Starting with the line that contains "Sparkle Spot Bouncy Ball", return every line through the end of the listing below exactly as written. Omit the pictures.

(Data section)

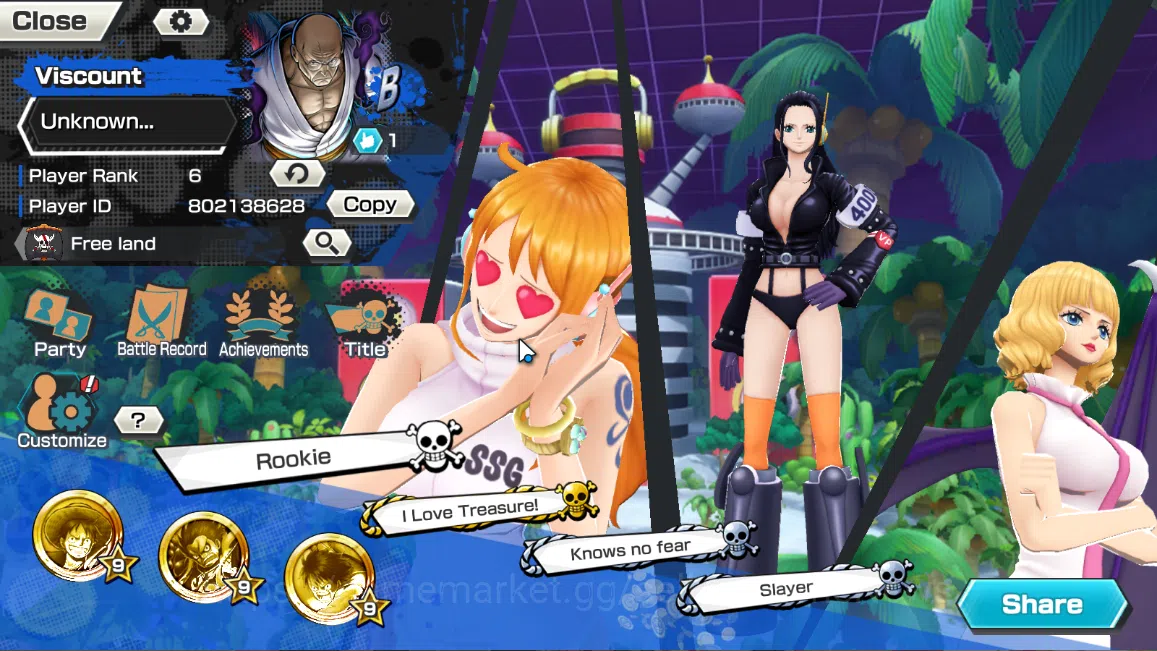 One Piece Bounty Rush Accounts Global|6EX|Fire Emperor Sabo,WI Law,5Elder Nusjuro image 16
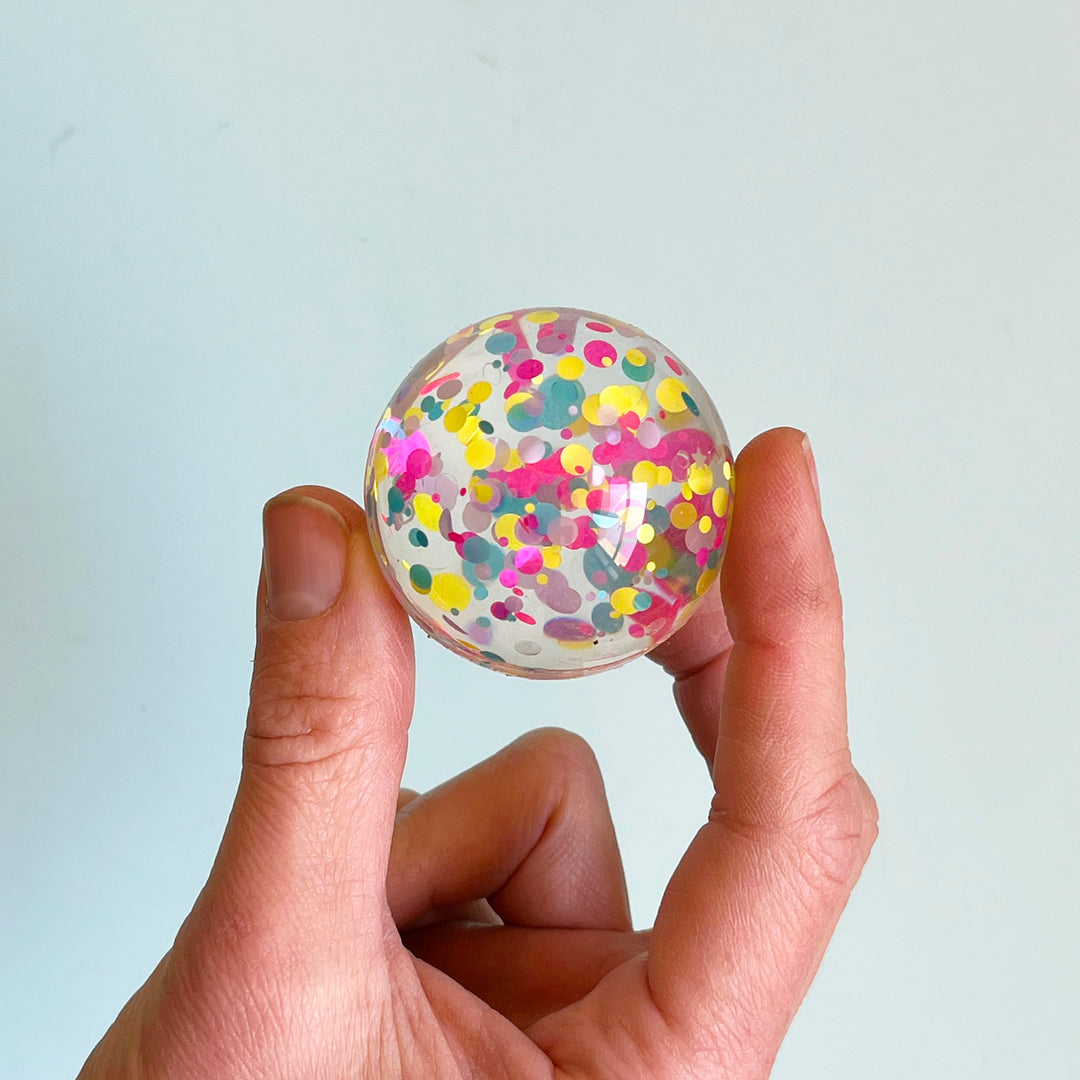 Sparkle Spot Bouncy Ball
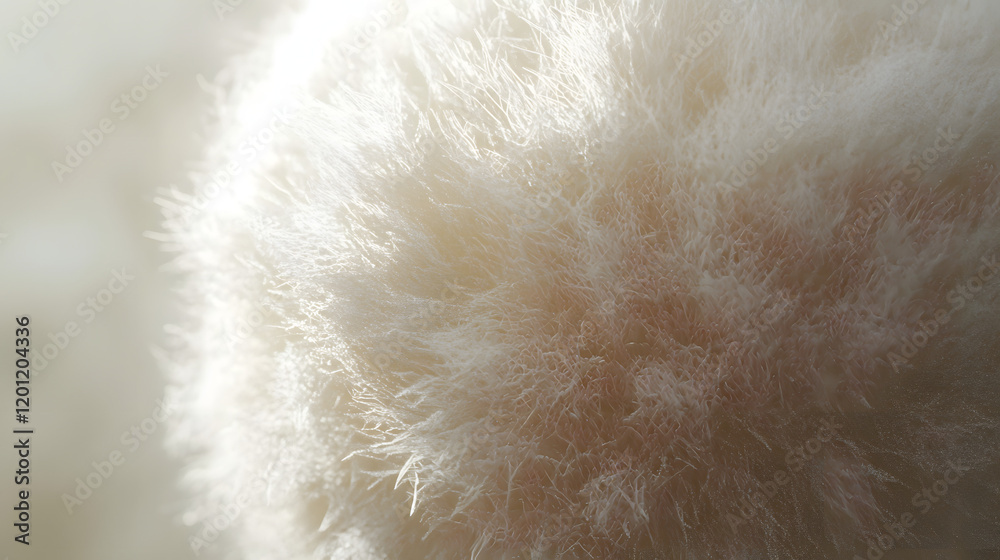 Closeup Of 3d Fluffy Textured Ball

(End Data section)

Reply:
 Sparkle Spot Bouncy Ball
 Closeup Of 3d Fluffy Textured Ball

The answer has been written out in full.